• MATERIAL SHOWN:
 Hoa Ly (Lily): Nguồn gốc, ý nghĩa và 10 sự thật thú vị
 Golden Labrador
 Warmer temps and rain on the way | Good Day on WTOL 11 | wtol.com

---

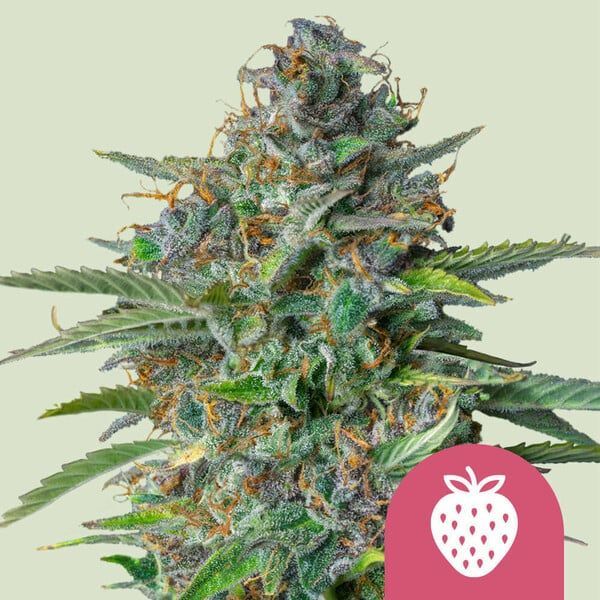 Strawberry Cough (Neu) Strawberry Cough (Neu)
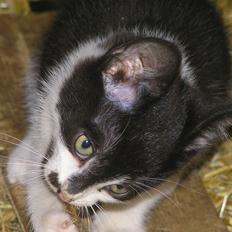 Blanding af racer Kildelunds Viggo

--

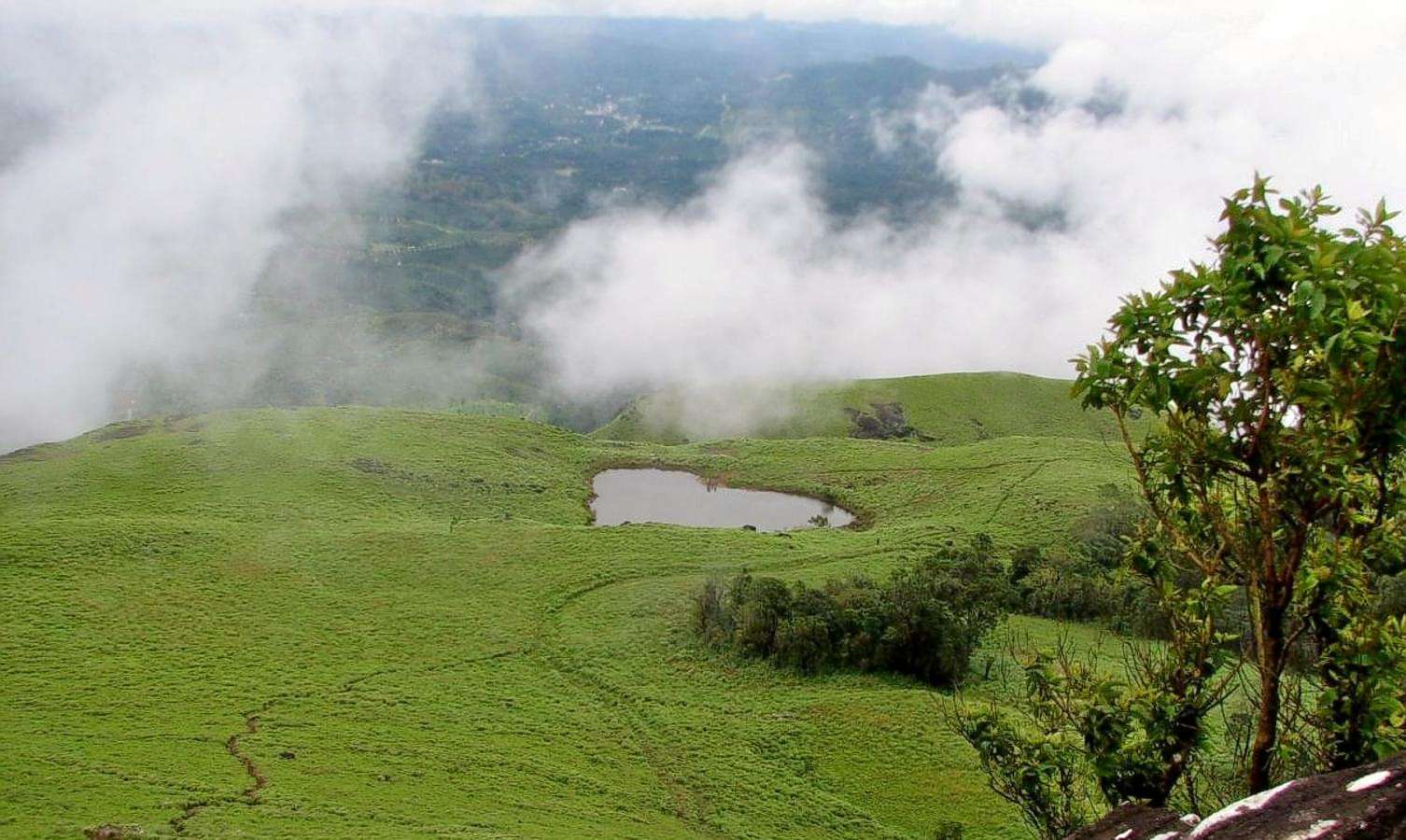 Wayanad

• WORK INSTRUCTION:
Going back to the entries above, set down exactly the lines that begin at the one with "Hoa Ly (Lily): Nguồn" and end at the one with "Warmer temps and", both included, and nothing else.

• REPLY TO THE EXERCISE:
 Hoa Ly (Lily): Nguồn gốc, ý nghĩa và 10 sự thật thú vị
 Golden Labrador
 Warmer temps and rain on the way | Good Day on WTOL 11 | wtol.com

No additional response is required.